Image-caption web data:

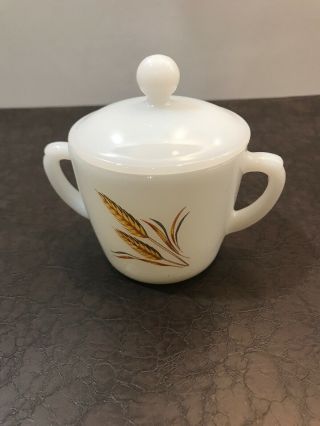Vintage Fire King Oven Ware Milk Glass Sugar Bowl With Lid Wheat Pattern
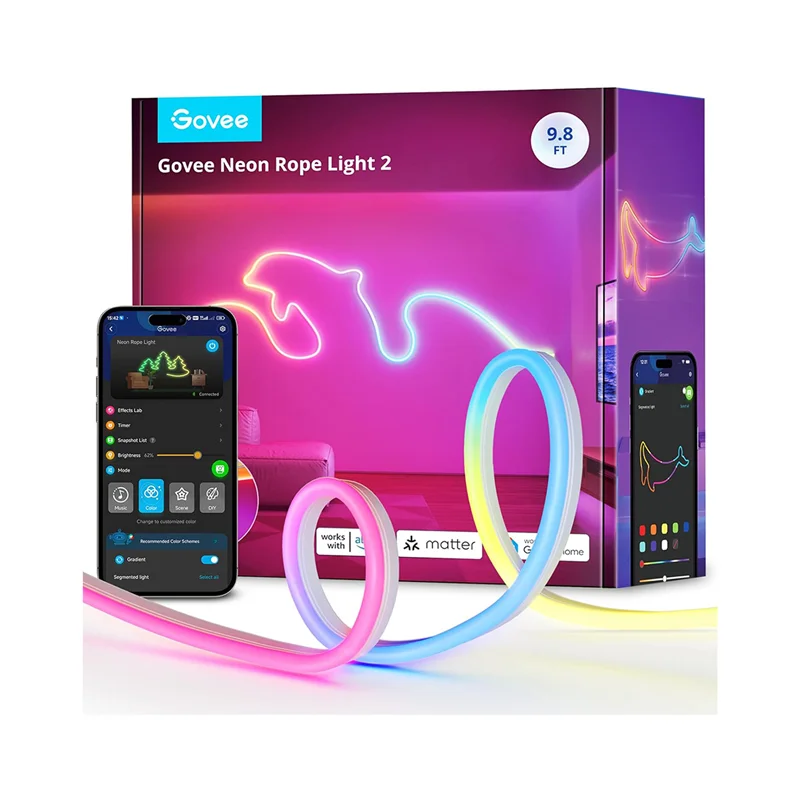 ریسه هوشمند نئون فلکسی 3 متری گووی مدل Govee Neon Lights RGBIC Neon Rope Light 2 H61D3
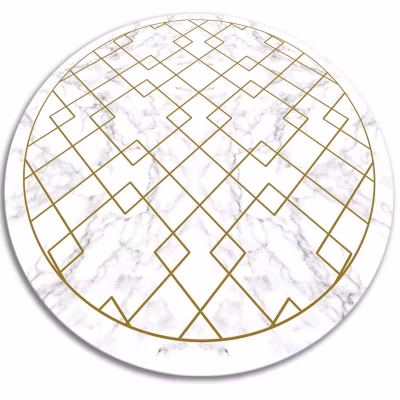 Tapis vinyl rond pour le salon Tulup fi90 cm Protège le sol moderne Décoré de marbre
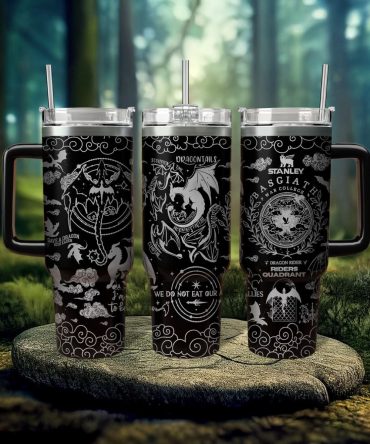 Fourth Wing Book Custom Stanley Quencher 40oz Stainless Steel Tumbler With Handle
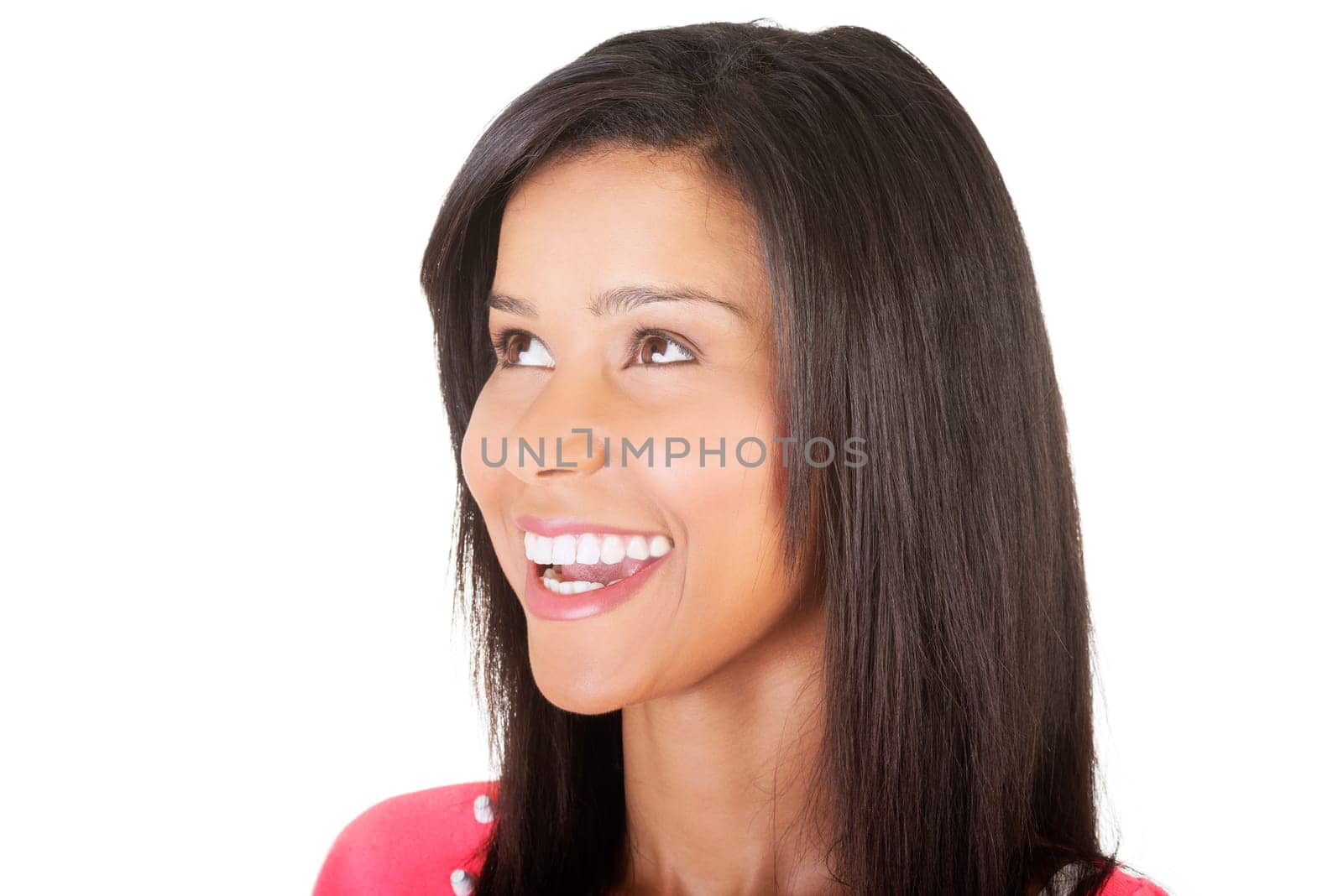 Woman looking on side, isolated on white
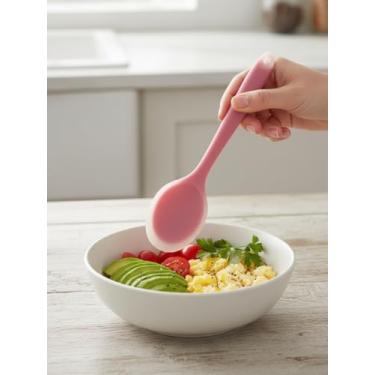 Imagem de 1 colher de chá vermelha de silicone com design transparente de 21 cm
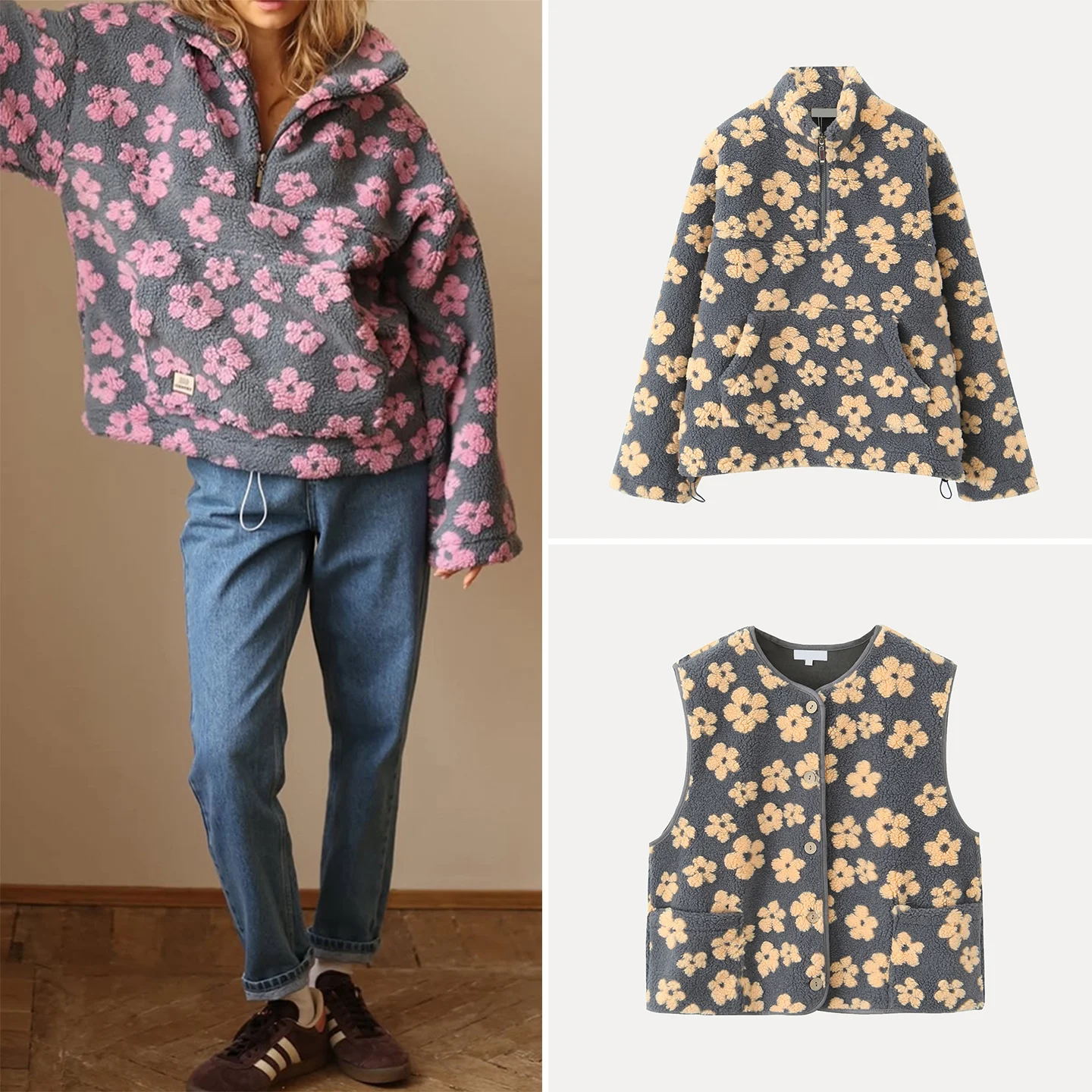 Модный жилет-худи из овечьей шерсти с цветочным принтом, женский, осень 2025, новинка, европейский свободный крой, короткая куртка, подчеркивающая индивидуальность и темперамент
Модный жилет-худи из овечьей шерсти с цветочным принтом, женский, осень 2025, новинка, европейский свободный крой, короткая куртка, подчеркивающая индивидуальность и темперамент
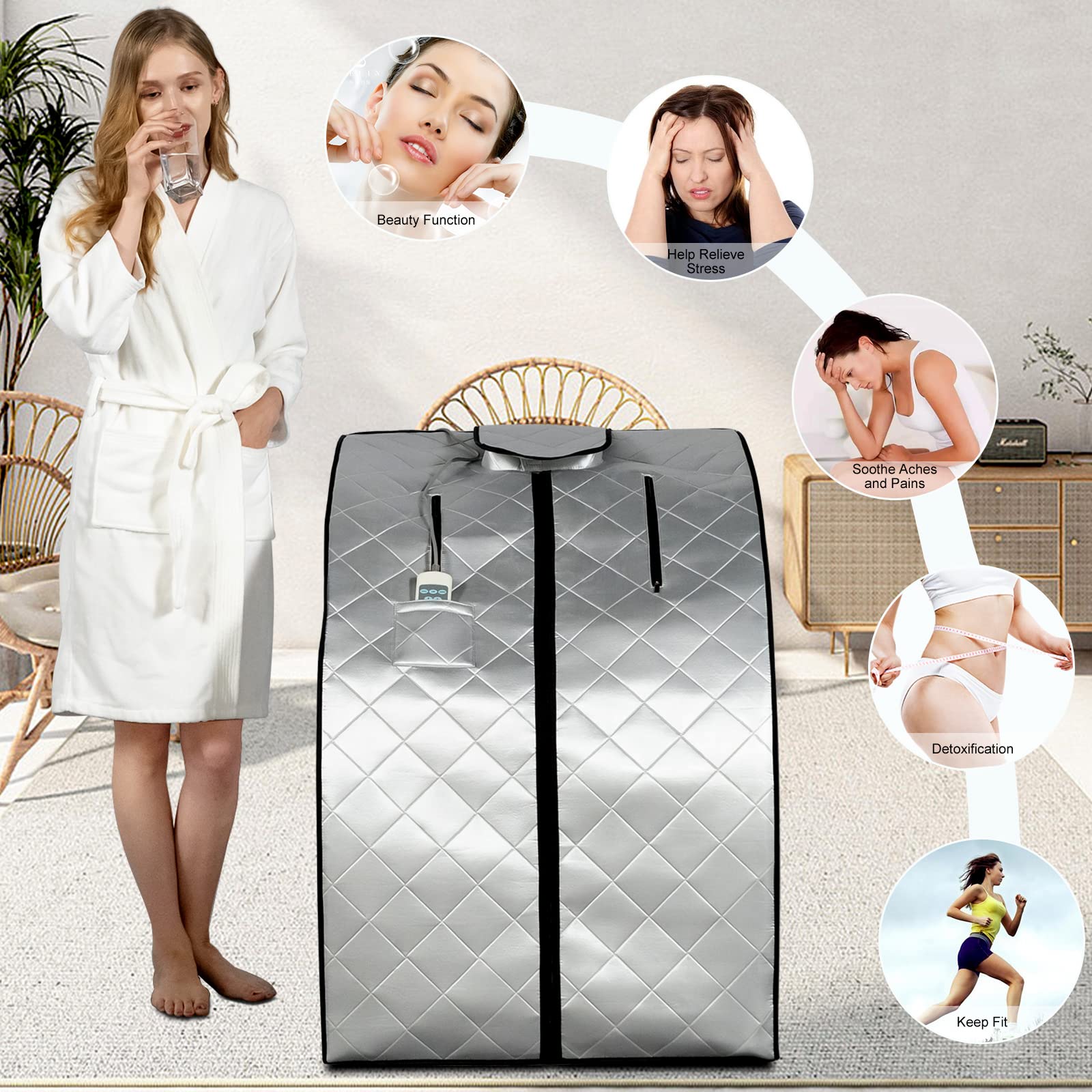 Smartmak Far Infrared Sauna for Home Use - Portable One Person Full Body Spa with Remote Control, Heating Foot Pad & Foldable Chair (27.6
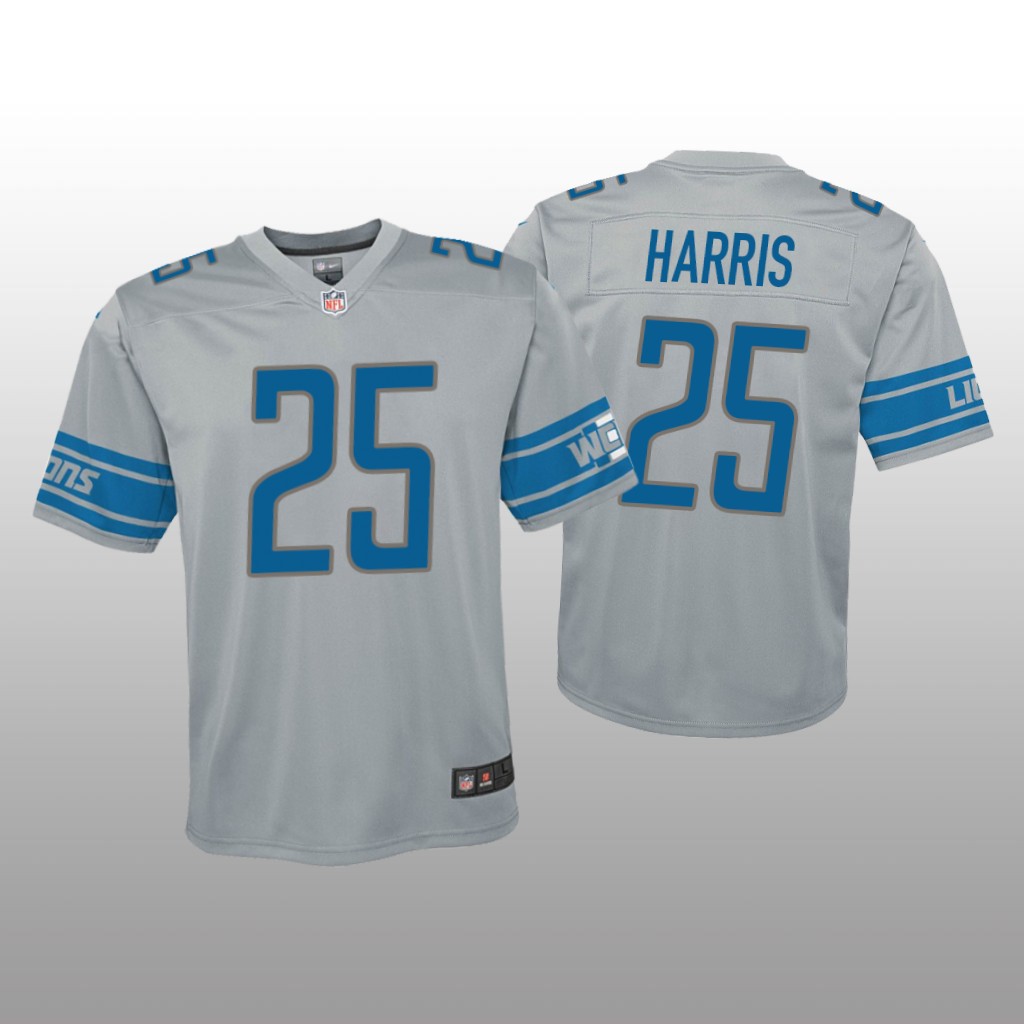 Detroit Lions Will Harris Silver Jersey Inverted Game - Youth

**EXERCISE DESCRIPTION**
Copy exactly what appears in the entries, beginning with the first line and ending with the line that has "Tapis vinyl rond", but not the pictures.

**COMPLETED TASK**
Vintage Fire King Oven Ware Milk Glass Sugar Bowl With Lid Wheat Pattern
 ریسه هوشمند نئون فلکسی 3 متری گووی مدل Govee Neon Lights RGBIC Neon Rope Light 2 H61D3
 Tapis vinyl rond pour le salon Tulup fi90 cm Protège le sol moderne Décoré de marbre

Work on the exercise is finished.